Play Small Blue Marble, as performed live
by the Enso Quartet.



















Composer: David Heuser
Instrumentation: String Quartet (2 violins, viola, cello)
Year Composed: 2004
Duration:17 minutes
Pages (score): 34
Cost: Purchase: $30.00

Sample score pages are available for this piece.
Click here for a PDF file of the first six pages of the score.

Representative Performances:

  • Amy Ventricinque, Mary Ellen Goree, Allyson Dawkins, Marilyn de Oliveira, Composers Alliance of San Antonio Concert, McNay Art Museum, San Antonio, Texas (April 2006)
  • The Enso String Quartet, Society of Composers, Inc. Region VI Conference, Shepherd School of Music at Rice University, Houston, Texas (February 2006)

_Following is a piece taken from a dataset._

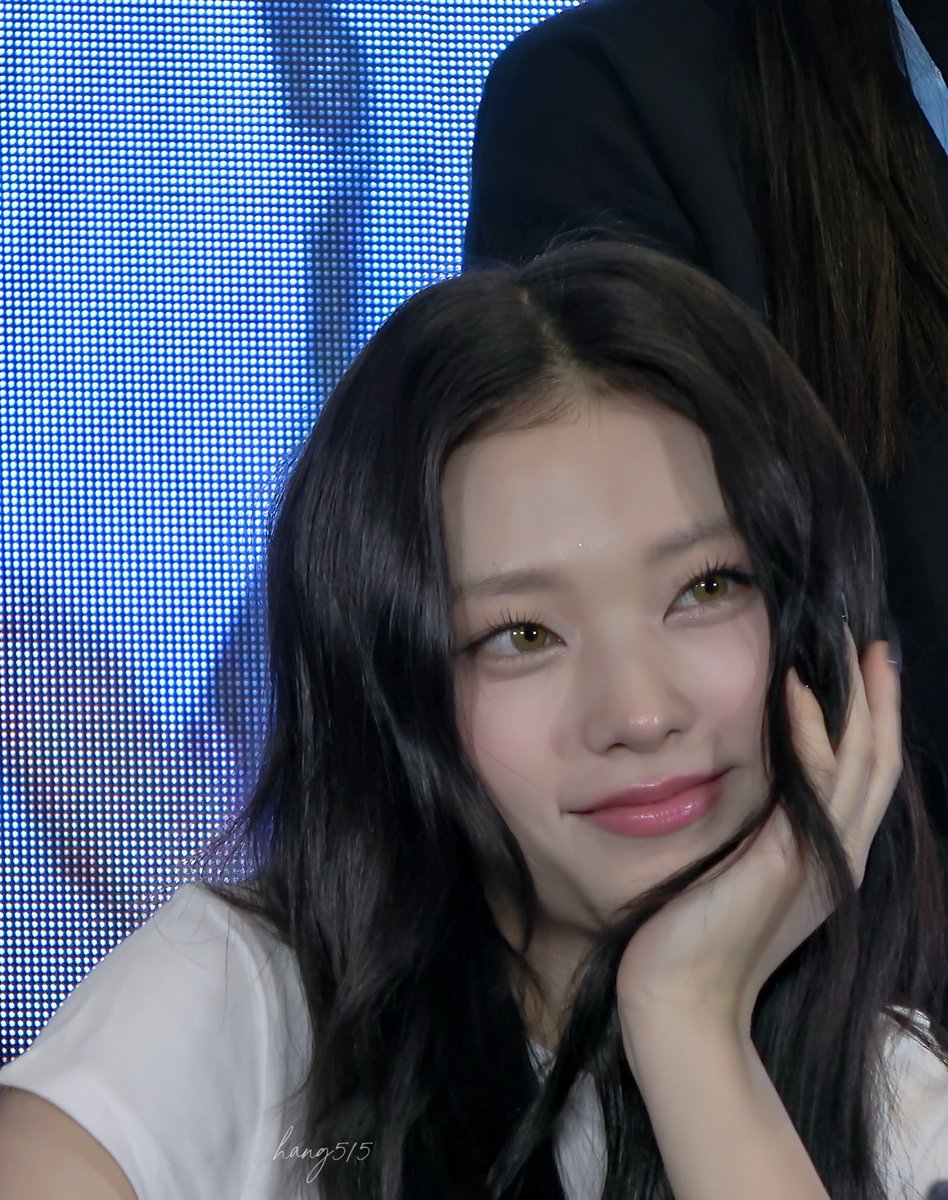 river515_'s tweet photo. 홀림.. https://t.co/5gX4WmIsBI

Performance by Mary Ellen Goree & Amy Venticinque (violins), Allyson Dawkins (viola), and Marilyn de Oliveira, (cello), reviewed by Mike Greenburg, writing in the San Antonio Express-News (May 2006):

"Restless, craggy music in the Bartok line alternates with gently lyrical sections to portray this humane work's imaginary circling of the globe."

Program Notes:

The initial inspirations for Small Blue Marble were a picture and a dream. The picture is the famous image of the Earth as seen from the moon by the Apollo astronauts, an image of a small planet hanging vulnerably in the darkness of space. The work begins with this image, with a cold, sustained chord of outer space, but at its core, the piece is a travelogue for the planet inspired by a dream of flying toward the Earth, entering its atmosphere (the first rhythm of the piece – the breath of life), and proceeding around the globe, flying fast over land, maybe 50 feet off the ground, fields and mountains and all, plunging into the sea, crossing one ocean, coming back again to land on the other side of the globe, picking up more speed, and finally coming back to water, but this time falling slowly into the ocean’s deepest depths. Here, at the end, in another world without air, the opening music returns to draw the parallel between deep space and the deep sea. We live on a cracker between these two inhospitable worlds, an even more fragile situation than the picture which inspired this piece presents.